The DP comes out as a strong contender considering that it emerged from ‘nowhere’ (without the benefit of organisation networks and resources at the disposal of the older, bigger parties) and yet secured two seats in the CP council and three in the NWP council. It bettered its performance in March this year when it took nine seats in the WP and three in the Southern Province. This meant that it came in third in the NWP and WP council elections, after the UPFA and UNP.
The JVP under its dynamic new leader also looks set to make notable gains in the upcoming Uva election. It currently holds two seats in Uva. The JVP came in third at the NCP and Southern provincial council elections.
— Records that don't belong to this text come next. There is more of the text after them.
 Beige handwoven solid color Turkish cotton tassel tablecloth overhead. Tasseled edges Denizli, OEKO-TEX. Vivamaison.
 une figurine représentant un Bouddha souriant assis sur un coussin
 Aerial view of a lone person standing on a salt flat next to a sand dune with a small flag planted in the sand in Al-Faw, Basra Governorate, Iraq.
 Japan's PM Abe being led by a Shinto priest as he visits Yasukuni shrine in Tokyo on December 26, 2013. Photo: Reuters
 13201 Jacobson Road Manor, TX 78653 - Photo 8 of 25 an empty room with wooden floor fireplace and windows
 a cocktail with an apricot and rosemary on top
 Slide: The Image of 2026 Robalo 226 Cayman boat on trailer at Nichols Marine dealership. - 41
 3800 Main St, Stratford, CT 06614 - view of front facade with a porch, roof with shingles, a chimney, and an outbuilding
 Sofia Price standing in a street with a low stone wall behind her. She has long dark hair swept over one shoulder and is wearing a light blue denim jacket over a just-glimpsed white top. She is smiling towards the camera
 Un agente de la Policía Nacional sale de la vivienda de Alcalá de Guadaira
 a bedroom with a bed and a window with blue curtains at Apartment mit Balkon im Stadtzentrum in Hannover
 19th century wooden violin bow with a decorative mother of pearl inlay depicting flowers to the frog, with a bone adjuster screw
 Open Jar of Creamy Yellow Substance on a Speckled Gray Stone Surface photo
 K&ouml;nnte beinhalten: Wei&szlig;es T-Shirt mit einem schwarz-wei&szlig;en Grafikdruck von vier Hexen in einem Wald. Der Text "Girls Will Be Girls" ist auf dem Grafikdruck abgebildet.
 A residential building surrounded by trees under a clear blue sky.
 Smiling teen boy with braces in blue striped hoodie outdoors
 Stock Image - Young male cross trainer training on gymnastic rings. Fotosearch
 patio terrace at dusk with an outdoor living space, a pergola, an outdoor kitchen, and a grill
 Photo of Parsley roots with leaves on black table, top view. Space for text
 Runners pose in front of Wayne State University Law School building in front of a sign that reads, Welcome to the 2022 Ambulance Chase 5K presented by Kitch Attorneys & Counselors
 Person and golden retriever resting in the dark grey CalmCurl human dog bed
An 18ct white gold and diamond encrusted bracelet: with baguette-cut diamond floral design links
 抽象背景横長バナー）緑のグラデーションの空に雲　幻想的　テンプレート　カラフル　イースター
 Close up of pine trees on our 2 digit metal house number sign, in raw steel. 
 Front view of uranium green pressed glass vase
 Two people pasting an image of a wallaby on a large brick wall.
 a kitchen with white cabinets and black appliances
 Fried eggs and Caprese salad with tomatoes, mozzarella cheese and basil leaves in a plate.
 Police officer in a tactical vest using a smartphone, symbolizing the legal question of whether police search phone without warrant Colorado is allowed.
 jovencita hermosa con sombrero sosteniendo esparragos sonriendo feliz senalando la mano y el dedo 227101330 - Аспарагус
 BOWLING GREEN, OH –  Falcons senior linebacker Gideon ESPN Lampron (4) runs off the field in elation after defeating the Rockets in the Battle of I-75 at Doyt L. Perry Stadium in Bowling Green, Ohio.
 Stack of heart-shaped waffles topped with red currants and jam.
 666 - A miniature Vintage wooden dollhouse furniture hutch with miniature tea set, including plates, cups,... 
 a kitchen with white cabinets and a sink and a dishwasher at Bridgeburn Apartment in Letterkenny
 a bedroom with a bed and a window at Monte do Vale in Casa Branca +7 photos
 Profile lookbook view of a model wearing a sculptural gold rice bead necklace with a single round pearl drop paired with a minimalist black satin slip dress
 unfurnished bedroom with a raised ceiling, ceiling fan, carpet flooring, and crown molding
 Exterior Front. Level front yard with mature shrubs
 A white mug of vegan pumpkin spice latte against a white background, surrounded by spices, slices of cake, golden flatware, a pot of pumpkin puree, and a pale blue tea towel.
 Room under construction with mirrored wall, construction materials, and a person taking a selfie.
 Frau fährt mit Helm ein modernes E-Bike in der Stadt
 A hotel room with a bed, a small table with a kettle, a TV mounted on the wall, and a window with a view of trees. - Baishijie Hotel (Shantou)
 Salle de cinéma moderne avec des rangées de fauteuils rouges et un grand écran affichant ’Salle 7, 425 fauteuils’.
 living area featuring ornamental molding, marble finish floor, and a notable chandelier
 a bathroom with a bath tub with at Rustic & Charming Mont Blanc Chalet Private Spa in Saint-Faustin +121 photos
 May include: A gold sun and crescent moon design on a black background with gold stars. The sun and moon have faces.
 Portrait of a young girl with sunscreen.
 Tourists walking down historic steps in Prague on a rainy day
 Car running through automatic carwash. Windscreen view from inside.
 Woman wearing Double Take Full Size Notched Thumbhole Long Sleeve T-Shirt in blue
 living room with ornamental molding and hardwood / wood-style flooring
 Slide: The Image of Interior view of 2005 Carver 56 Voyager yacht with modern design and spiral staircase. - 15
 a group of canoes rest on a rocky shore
Communal politics rejected
Though neither the DP nor the JVP can win a provincial council election at this point, both could make a dent in the UPFA’s vote bank such that the Government will no longer be able to take victory for granted at a general election, once the North and East voting is also factored in. At a presidential election on the other hand the fortunes of a ‘common candidate,’ or any other, will depend largely on that personality’s ability to match the unabated popularity of Mahinda Rajapaksa.
Another trend that may be observed based on provincial election results outside of the North and East, arguably, is that voters don’t have an appetite for communal politics, although politicians persist in forming parties along communal lines. In the provincial council elections of 2013 in the NWP, NP and CP, it was clear that Muslims voted for ‘non-Muslim’ parties (i.e. parties other than the Sri Lanka Muslim Congress). The numbers tell the story in Puttalam, Mannar and Kandy districts where they are concentrated. Similarly in the CP council election, in Nuwara Eliya district where Indian Tamils account for over half the population (53%), the Up Country Peoples Front got only 7.17% of the vote. This tendency was seen in SL Tamil voting in Colombo district too, during the WP council election.
It’s worth asking why politicians show a preference for communal political formations, if people have rejected communal politics. With increasing disillusionment with mainstream political parties, up-and-coming parties like the JVP and DP would have much room to grow if they include all ethnicities in a truly national agenda, and convince people that they can deliver cleaner, better governance.